You should try to change the initial values of the parameters using
the estimated_params_init block, or use another optimization routine.
MODE CHECK
Warning: Matrix is singular, close to singular or badly scaled. Results may be inaccurate. RCOND =
NaN.
What might be creating this problem?
I figured the problem. Does the collinearity identification diagnostics show that sigma has high correlation. Is statistic of 0.999 an issue or we just consider it only when statistic is 1.000?
Collinearity patterns with 1 parameter(s)
Parameter [ Expl. params ] cosn
rho [ sigma_z ] 0.9853418
psi_x [ omega ] 0.9989294
phi [ sigma_z ] 0.9703952
omega [ psi_x ] 0.9989294
sigma_z [ rho ] 0.9853418
Collinearity patterns with 2 parameter(s)
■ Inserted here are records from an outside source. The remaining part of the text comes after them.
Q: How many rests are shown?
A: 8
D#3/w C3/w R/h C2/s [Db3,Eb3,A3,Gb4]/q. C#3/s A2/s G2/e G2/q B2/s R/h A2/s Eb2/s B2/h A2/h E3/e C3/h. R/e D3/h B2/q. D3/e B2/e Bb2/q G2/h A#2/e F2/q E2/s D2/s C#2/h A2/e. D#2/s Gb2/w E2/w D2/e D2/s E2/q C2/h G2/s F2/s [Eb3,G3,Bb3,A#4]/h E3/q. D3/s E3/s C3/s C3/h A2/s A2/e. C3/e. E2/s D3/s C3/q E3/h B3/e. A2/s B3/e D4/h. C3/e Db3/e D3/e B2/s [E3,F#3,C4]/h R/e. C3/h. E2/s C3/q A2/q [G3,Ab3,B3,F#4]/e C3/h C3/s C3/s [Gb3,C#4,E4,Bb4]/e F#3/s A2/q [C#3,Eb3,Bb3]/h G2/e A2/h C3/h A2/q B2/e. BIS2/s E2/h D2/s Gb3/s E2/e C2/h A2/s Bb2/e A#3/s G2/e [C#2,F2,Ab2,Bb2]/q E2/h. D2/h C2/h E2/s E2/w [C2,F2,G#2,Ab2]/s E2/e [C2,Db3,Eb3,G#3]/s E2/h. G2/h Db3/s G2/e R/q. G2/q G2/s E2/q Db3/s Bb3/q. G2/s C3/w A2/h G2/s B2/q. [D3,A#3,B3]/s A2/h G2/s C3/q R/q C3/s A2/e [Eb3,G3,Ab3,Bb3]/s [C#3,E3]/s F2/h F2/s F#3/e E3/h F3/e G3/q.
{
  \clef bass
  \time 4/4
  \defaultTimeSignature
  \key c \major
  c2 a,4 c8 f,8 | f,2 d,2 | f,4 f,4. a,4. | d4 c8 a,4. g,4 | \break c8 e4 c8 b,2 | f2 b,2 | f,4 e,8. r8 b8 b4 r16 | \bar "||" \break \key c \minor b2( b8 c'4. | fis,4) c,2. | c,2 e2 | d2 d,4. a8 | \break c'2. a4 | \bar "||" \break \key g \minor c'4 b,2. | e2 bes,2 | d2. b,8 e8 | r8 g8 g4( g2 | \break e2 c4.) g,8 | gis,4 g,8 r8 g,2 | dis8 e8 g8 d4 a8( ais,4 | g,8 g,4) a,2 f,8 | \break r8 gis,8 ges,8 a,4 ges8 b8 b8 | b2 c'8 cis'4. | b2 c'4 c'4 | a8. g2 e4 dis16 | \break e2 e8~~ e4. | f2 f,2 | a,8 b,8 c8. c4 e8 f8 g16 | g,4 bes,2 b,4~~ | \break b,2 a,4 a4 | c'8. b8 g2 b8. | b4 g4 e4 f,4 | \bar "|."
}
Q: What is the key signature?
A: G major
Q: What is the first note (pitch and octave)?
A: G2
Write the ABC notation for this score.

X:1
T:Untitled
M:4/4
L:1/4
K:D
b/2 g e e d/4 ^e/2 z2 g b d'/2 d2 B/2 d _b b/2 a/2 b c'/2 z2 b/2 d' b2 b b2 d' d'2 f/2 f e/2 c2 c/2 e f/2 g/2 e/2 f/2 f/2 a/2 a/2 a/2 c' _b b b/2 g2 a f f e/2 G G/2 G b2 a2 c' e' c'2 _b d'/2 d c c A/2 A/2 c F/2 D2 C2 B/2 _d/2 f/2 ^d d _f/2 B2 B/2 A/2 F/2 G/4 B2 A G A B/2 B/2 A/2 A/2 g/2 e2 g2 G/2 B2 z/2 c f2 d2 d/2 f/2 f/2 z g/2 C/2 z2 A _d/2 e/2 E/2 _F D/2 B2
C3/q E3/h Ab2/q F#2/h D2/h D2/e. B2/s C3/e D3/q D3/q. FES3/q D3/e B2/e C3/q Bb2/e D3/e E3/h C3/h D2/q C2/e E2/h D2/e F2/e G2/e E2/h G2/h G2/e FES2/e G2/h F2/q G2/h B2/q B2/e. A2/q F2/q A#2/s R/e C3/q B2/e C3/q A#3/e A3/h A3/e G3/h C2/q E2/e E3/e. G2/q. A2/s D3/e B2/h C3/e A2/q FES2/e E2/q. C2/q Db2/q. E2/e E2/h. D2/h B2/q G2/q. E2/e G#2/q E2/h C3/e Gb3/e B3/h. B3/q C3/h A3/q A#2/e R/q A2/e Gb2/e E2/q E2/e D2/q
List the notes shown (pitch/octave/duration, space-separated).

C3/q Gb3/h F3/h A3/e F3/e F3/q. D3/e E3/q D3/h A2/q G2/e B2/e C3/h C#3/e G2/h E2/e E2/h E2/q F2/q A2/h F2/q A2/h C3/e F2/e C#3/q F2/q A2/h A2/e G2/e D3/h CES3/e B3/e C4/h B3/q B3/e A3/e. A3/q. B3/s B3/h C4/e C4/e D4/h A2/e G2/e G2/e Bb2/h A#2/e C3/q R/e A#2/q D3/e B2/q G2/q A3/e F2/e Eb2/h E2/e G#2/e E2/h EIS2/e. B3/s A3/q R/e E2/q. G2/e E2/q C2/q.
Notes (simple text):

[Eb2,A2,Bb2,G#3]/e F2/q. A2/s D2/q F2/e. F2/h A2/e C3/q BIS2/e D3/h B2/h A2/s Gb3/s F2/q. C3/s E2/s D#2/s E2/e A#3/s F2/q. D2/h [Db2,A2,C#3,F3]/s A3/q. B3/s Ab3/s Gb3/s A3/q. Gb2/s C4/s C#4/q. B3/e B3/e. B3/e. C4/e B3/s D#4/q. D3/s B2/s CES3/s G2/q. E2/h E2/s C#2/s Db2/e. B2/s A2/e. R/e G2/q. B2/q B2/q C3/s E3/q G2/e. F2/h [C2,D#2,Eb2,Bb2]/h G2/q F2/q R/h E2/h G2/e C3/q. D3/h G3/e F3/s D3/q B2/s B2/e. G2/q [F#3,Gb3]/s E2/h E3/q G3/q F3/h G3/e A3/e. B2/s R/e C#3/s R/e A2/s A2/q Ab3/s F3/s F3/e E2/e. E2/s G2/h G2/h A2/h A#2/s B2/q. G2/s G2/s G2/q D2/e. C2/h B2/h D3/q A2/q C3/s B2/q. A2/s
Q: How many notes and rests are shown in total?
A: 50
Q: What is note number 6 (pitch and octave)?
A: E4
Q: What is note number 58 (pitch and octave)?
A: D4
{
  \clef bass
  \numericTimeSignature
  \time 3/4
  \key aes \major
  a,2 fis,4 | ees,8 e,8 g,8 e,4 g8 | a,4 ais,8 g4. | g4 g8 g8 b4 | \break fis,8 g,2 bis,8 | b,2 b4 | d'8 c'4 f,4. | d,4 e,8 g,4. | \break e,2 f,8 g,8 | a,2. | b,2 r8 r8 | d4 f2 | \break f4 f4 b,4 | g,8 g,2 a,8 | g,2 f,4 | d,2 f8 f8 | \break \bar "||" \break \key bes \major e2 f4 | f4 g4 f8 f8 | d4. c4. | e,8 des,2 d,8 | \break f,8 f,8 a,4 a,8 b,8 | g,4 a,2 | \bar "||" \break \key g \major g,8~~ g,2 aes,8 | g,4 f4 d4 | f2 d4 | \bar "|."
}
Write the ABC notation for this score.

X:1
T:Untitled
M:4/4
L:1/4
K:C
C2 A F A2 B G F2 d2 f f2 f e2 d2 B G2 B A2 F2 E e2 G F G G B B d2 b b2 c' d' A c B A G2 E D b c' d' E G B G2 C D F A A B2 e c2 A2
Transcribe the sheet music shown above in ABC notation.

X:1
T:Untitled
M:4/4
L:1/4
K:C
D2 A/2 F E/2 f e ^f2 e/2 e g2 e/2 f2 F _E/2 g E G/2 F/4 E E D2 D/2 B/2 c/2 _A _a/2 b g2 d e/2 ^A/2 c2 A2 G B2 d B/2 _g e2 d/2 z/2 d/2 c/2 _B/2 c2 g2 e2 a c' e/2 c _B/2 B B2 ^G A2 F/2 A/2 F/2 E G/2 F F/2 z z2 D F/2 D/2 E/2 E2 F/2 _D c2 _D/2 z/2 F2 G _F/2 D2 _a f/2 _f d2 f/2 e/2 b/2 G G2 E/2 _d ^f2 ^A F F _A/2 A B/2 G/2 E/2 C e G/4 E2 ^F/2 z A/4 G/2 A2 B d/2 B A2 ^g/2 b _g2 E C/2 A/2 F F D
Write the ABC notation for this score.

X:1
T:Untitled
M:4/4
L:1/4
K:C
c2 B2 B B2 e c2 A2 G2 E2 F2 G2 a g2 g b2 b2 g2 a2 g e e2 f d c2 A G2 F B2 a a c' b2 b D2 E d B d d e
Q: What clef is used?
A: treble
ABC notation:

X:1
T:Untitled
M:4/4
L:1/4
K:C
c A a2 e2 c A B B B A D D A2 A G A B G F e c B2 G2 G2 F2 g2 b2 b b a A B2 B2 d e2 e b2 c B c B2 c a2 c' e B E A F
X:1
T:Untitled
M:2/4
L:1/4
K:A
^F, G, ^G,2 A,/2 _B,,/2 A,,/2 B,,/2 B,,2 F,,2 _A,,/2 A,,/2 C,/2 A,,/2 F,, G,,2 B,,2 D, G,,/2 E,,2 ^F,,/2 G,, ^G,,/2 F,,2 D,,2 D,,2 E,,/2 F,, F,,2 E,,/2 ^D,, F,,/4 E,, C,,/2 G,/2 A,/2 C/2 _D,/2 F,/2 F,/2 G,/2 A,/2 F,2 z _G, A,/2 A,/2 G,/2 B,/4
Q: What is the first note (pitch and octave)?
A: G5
Parameter [ Expl. params ] cosn
rho [ phi sigma_z ] 0.9990379
psi_x [ omega sigma_z ] 0.9999992
phi [ rho sigma_z ] 0.9980707
omega [ psi_x sigma_z ] 0.9999992
sigma_z [ rho phi ] 0.9996500
-
Also, I run into “unbounded ensity” problem for my parameters.
-
Further, The mode_check plots show red dots on corners for certain parameters- I suppose thats a sign of unidentifiability?
-
mode_compute =6 works but others do not and there is convergence issue with mode_compute =6. I went through the following post to see what might be going wrong.
https://forum.dynare.org/t/unbounded-density/12075/13
Given above, will it correct to conclude that there is a “identifiability” issue in the model?
Apart from above, the model is very sensitive to priors. For most of prior mean and standard deviation (more sensitive), it throws the error:
POSTERIOR KERNEL
OPTIMIZATION PROBLEM!
(minus) the hessian matrix at the "mode" is not positive definite!
=> posterior variance of the estimated parameters are not positive.
You should try to change the initial values of the parameters using
the estimated_params_init block, or use another optimization routine.
MODE CHECK
Fval obtained by the minimization routine (minus the posterior/likelihood)): 8.162760
Warning: Matrix is singular, close to singular or badly scaled. Results may be inaccurate. RCOND =
NaN.
What could be the reason for this?
Without the new set of codes, including the data, it is impossible to tell.